Burası yaklaşık 33 metre. Yukarıdaki ışık azalıyor. Bunu kırılgan şekilde gözlemleyebiliyorum. Karanlık diye bir şey yok. Işığın yokluğudur karanlık. Işığa duyduğum güvenimden düşüyorum intiharcasına. Beklentim karanlığın güvenli kolları. Belki -de karanlık bizim gölgemizdir, bilemiyorum. Göremediğimiz bir şeyi bloke eden beynimiz alışkanlık olmayanı bilinmez ve korkulu gösterirken, halbuki bu sadece bilinmeyen ama güvenli olan ışığın yokluğu noktası…

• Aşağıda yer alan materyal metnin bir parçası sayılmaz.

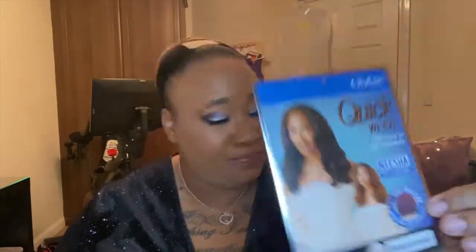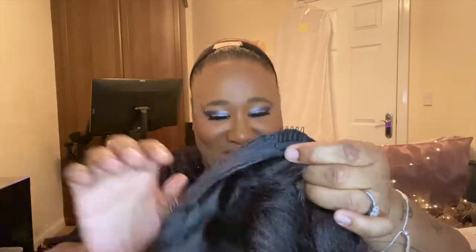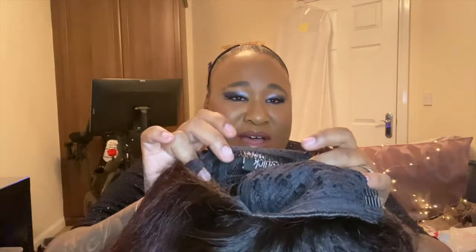This is the wig — so these are tight curls, but I'm not going to keep it like that; I'm going to finger comb those out. I'll show you the inside of the cap. It has a comb on the left, comb on the right, and a comb in the back with adjustable straps.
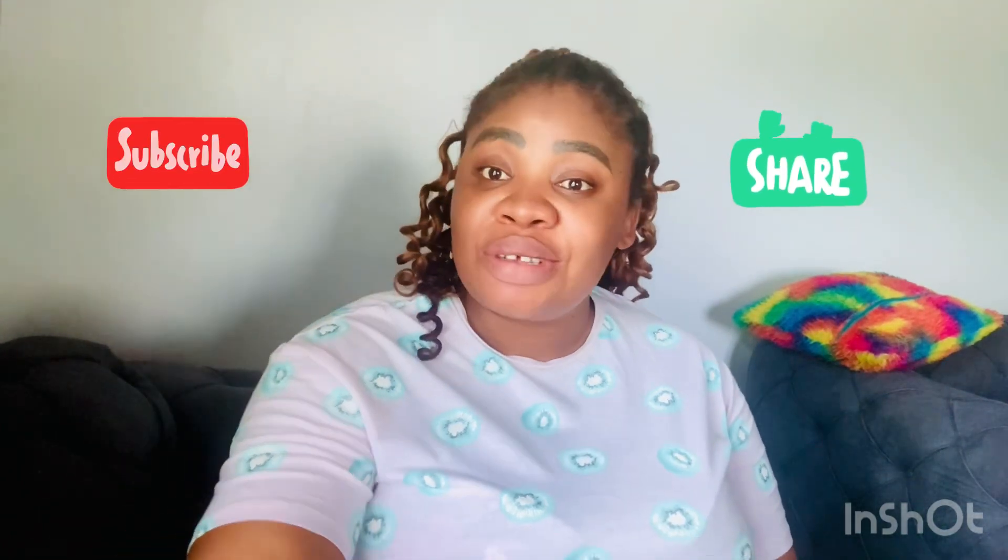Hey guys, welcome back again in today's beautiful video. How are you all doing today? I hope everyone is doing good. I want to use this opportunity to thank all my returning subscribers and all my newest subscribers for stopping by. Thank you for always coming back to watch my videos. I really appreciate your support. May God Almighty bless you all.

-Merhaba? Orada kimse var mı?
Elbette -ki var. Burası benim diğer evim. Burası kat eksi üç dostum. Burası rutubetin ilk kokusunu aldığın o baskın ve keskin soluğunun ilk nefesi. Burası diz kapaklarında soğuğu hissettiğin o yer. Burası kirlendim mi yoksa kirli bir yerde miyim diye arafa girdiğin o zemin. Burası bir baş ve aynı zamanda burası bir son. Burası yanlışlıkla attığın o düğüm.
Ya tırnakların kısaysa?
Bir koca duman daha aldım ve saatlerdir gece vakti kapalı balkonumda misafir olup, camda çırpınan karasineğe sakince üfledim. Sonra adına mutlu oldum ve ona hiçbir şeyden sorumlu olmayacağı basit bu sürecin içinde kısa ömrünü yaşarken bu balkonda geçireceği bu keyifli anın adına mutlu oldum. Varlığına dönüyor gün ona.
Şanslı bir sinek iyi bir fırt aldı bu gece.